> **Data extract**
*-*-*
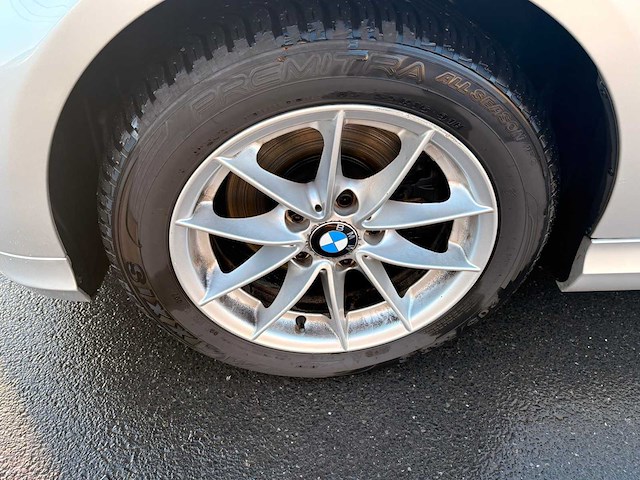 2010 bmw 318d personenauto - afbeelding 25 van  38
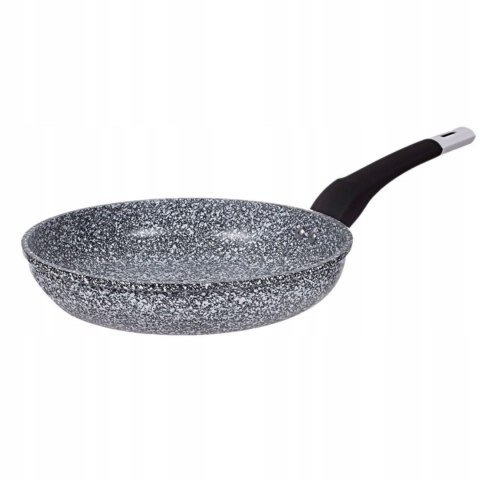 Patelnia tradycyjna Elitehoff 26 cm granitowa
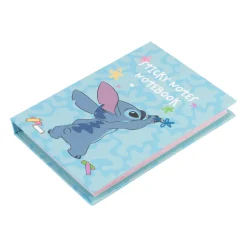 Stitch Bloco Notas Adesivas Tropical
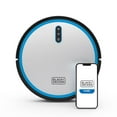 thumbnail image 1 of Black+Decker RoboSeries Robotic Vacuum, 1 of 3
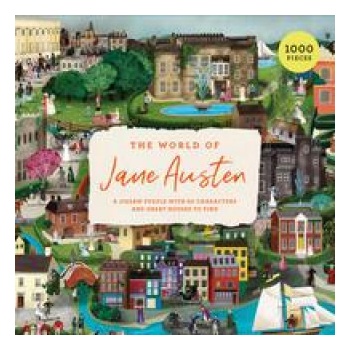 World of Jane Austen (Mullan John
*-*-*
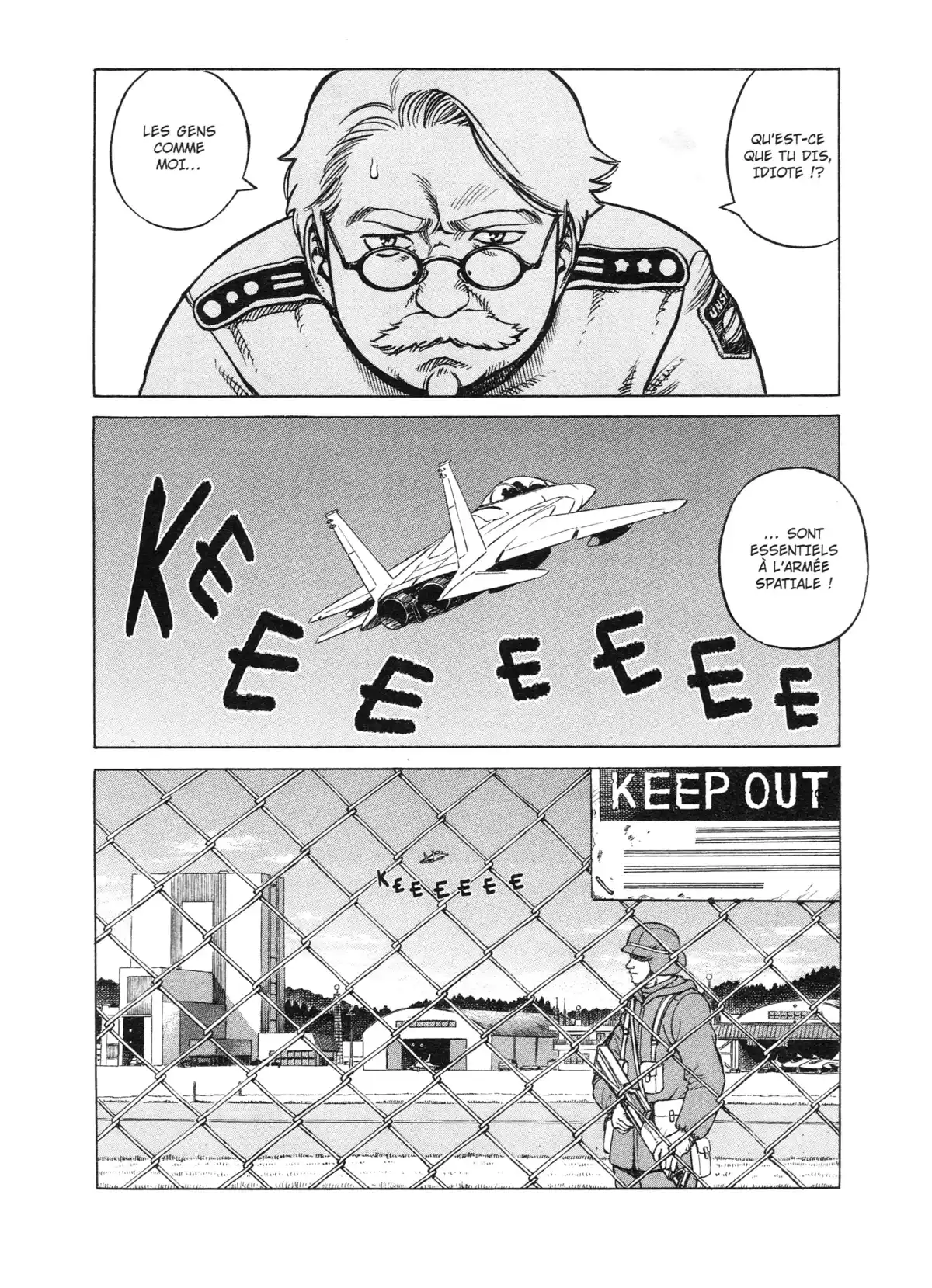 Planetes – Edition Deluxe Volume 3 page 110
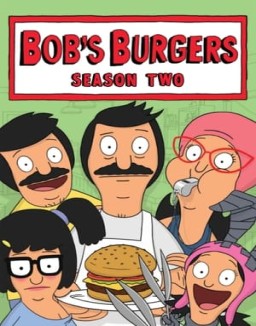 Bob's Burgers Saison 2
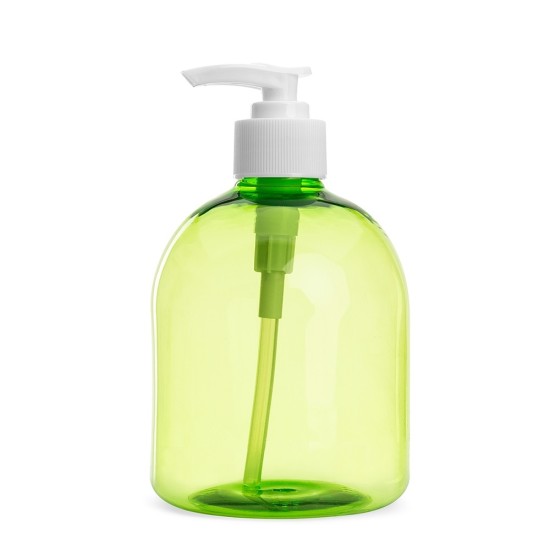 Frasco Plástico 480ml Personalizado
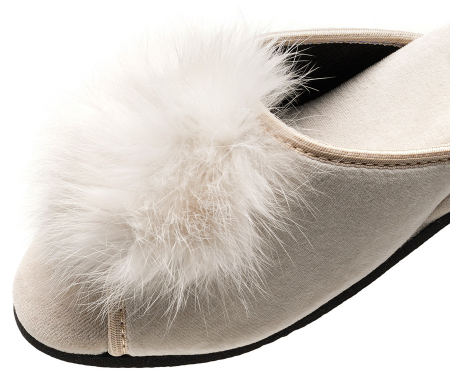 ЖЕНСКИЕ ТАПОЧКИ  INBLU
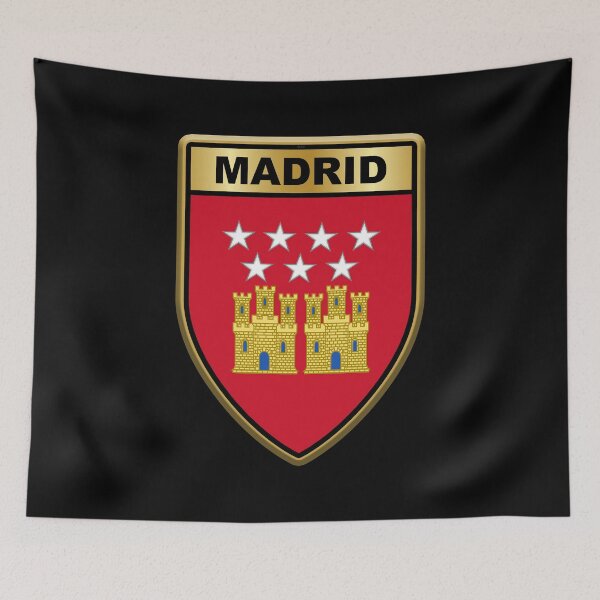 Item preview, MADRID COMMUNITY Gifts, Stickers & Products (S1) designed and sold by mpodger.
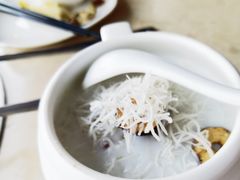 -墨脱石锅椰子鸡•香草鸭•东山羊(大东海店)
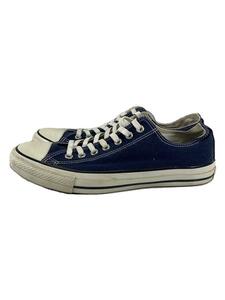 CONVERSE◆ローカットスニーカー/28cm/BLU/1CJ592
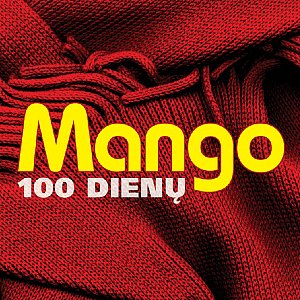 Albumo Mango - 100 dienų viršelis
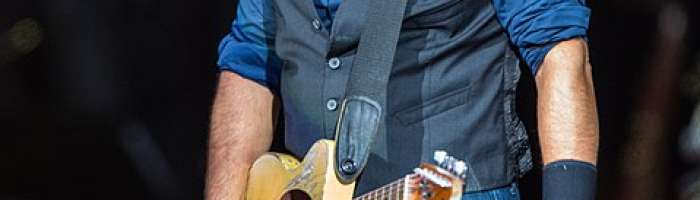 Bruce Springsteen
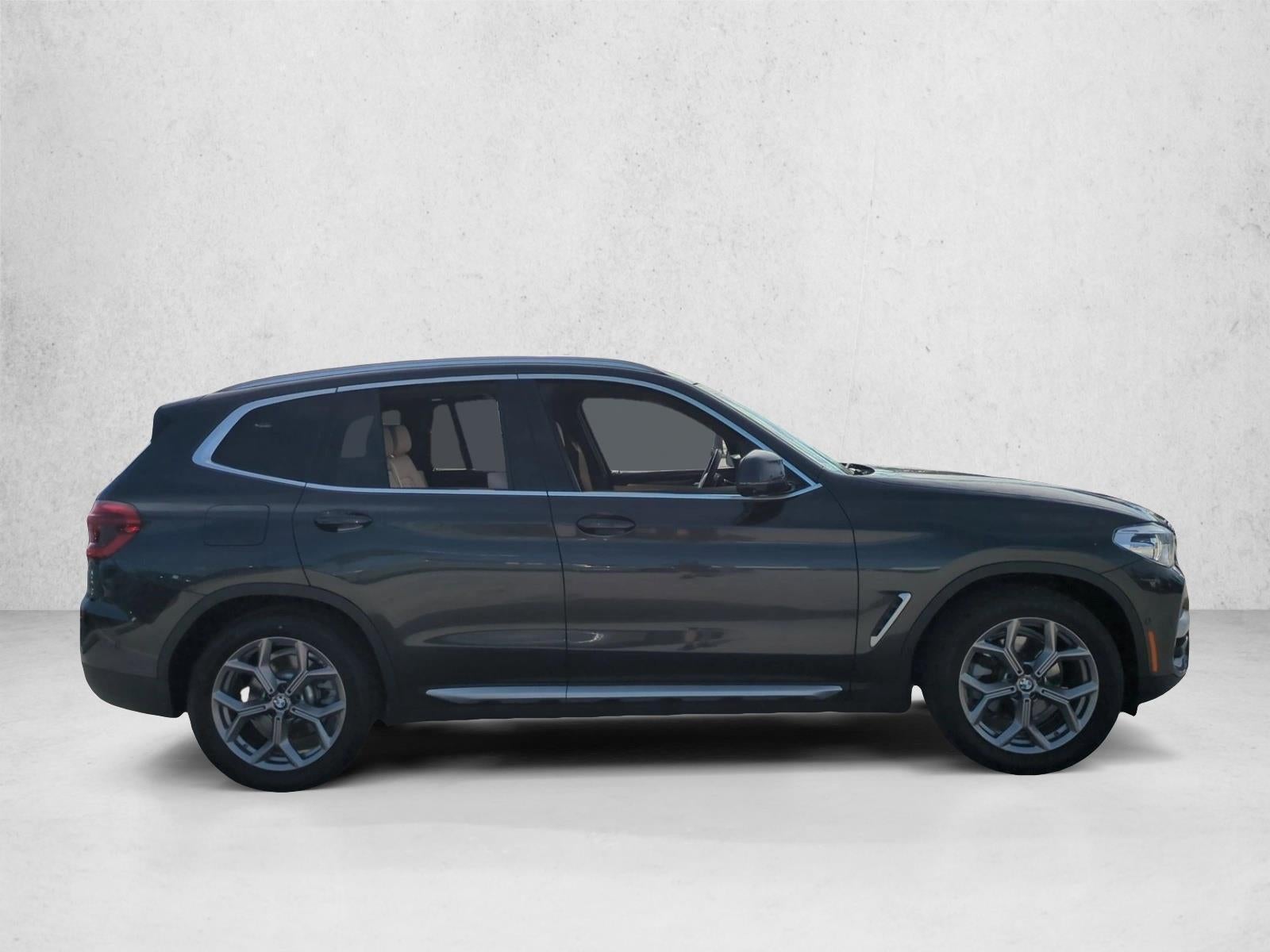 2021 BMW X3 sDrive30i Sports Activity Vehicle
*-*-*
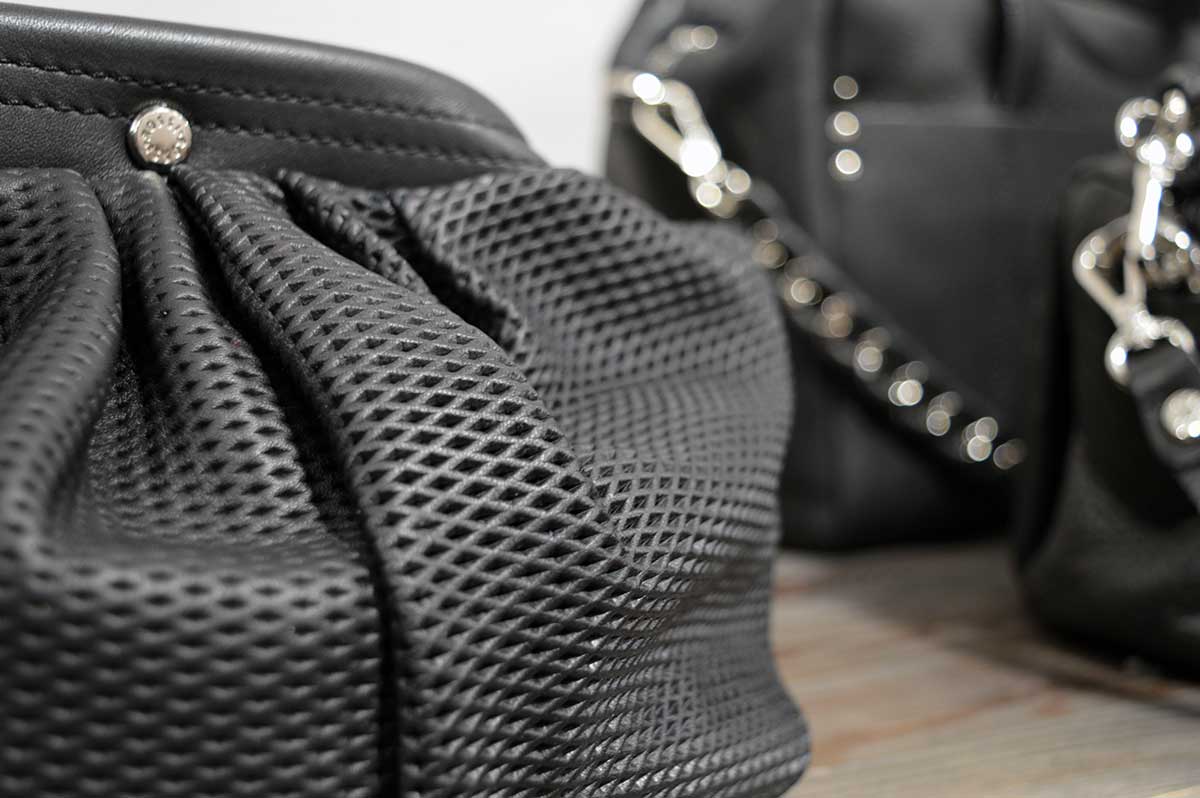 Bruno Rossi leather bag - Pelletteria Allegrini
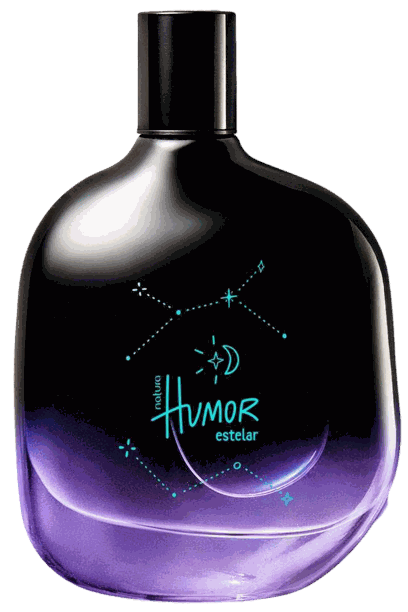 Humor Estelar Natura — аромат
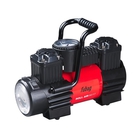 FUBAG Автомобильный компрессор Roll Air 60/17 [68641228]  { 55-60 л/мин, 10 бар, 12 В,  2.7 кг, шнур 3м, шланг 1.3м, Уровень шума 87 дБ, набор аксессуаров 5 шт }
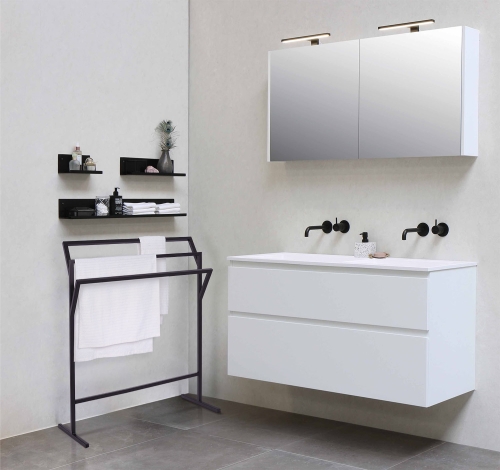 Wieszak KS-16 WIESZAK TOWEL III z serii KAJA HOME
*-*-*
> **What is being asked**
Reproduce, word for word, everything in the listing above from the line containing "2010 bmw 318d" down to the line containing "World of Jane Austen (Mullan John", both of them included. No pictures.

> **Result of the exercise**
 2010 bmw 318d personenauto - afbeelding 25 van  38
 Patelnia tradycyjna Elitehoff 26 cm granitowa
 Stitch Bloco Notas Adesivas Tropical
 thumbnail image 1 of Black+Decker RoboSeries Robotic Vacuum, 1 of 3
 World of Jane Austen (Mullan John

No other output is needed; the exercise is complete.